Russia's Interior Ministry has received 12,000 passport applications under the program in the Rostov region, the state-run TASS news agency reported.
Zelenskiy has mocked the passport offer, telling Ukrainians not to bother since Russian citizenship means "the right to be arrested for peaceful protests," and "the right not to have free and competitive elections."
Russia-backed separatists have been fighting the Ukrainian military in the Donetsk and Luhansk regions for the past five years.
Some 13,000 people have been killed in the conflict, according to estimates by the United Nations. (w/112.international, dpa, and TASS)
Brussels to drop criticism of controversial education law:
By Rikard Jozwiak
BRUSSELS -- A draft statement expected to be issued at an upcoming EU-Ukraine summit will express Brussels' continued recognition of Ukraine's European aspirations while dropping criticism of the country's education law, according to a copy of the draft seen by RFE/RL.
The statement, which was approved by EU ambassadors on June 13 and subsequently sent to Kyiv for further remarks, says that "we acknowledged the European aspirations of Ukraine and welcomed its European choice, as stated in the association agreement."
The same sentence was present in the final communique of last year's EU-Ukraine summit but some EU member states, including France, Germany and the Netherlands, have recently been reluctant to commit to such positive language regarding future EU enlargement -- most notably in the statement celebrating the 10th anniversary of the bloc's Eastern Partnership in May 2019, where acknowledgment of the European aspirations of the bloc's eastern neighbors was omitted.
In previous EU-Ukraine summit statements there have also been remarks about Ukraine's 2017 education law, pushed mainly by Hungary, which believes that the law restricts the right of Ukraine's ethnic Hungarian minority to be educated in their native language.

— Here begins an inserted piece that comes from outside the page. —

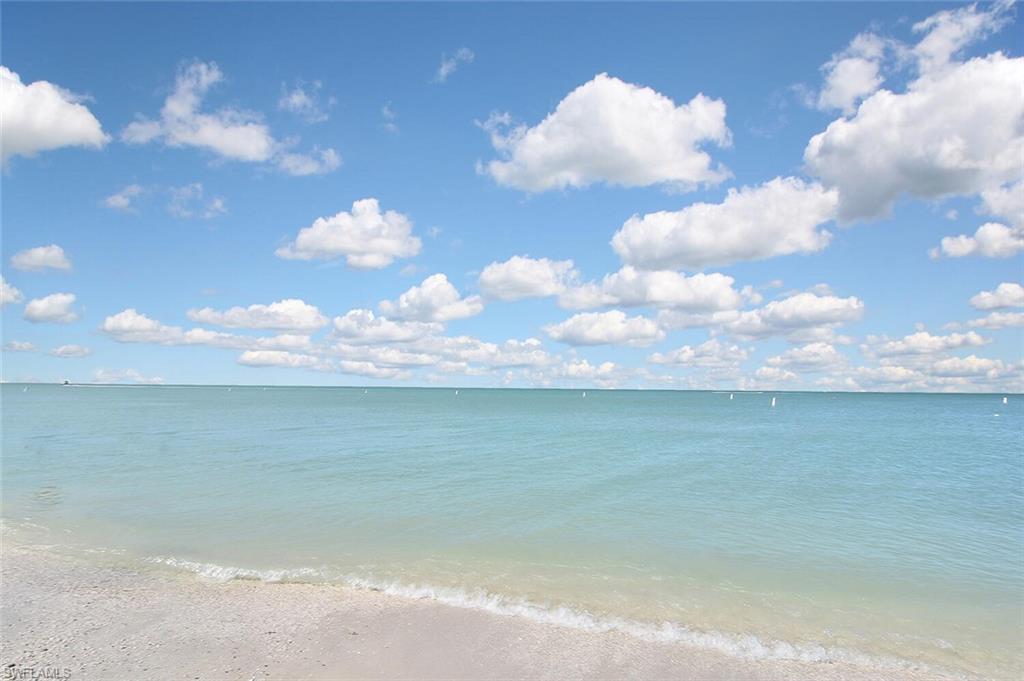 BEACH AND TENNIS CLUB - Residential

Kyiv maintains the law is meant to ensure that all Ukrainian citizens can speak the state's official language, and it denies that the law is discriminatory.
The spat has prompted Budapest to block all meetings of the NATO-Ukraine Commission -- the key format for bilateral cooperation between Kyiv and the Western military alliance -- at all levels above that of ambassadors for the past two years.
During the negotiations with fellow EU member states, Hungary, however, welcomed the new Ukrainian administration's promise to look into certain aspects of the education law and agreed not to mention the issue in the statement, according to sources speaking on condition of anonymity,
But the summit statement is critical of certain rule-of-law issues, mentioning that there is an "urgent need to re-criminalize illicit enrichment and to ensure the necessary independence and effective functioning of all anti-corruption institutions" and adds that "effective rule of law, good governance, and economic opportunity are the best means to tackle foreign influence and destabilization attempts."
The annual summit is scheduled just ahead of Ukraine's snap parliamentary elections on July 21. A day after his inauguration on May 21, President Volodymyr Zelenskiy issued a decree disbanding parliament and called the early vote.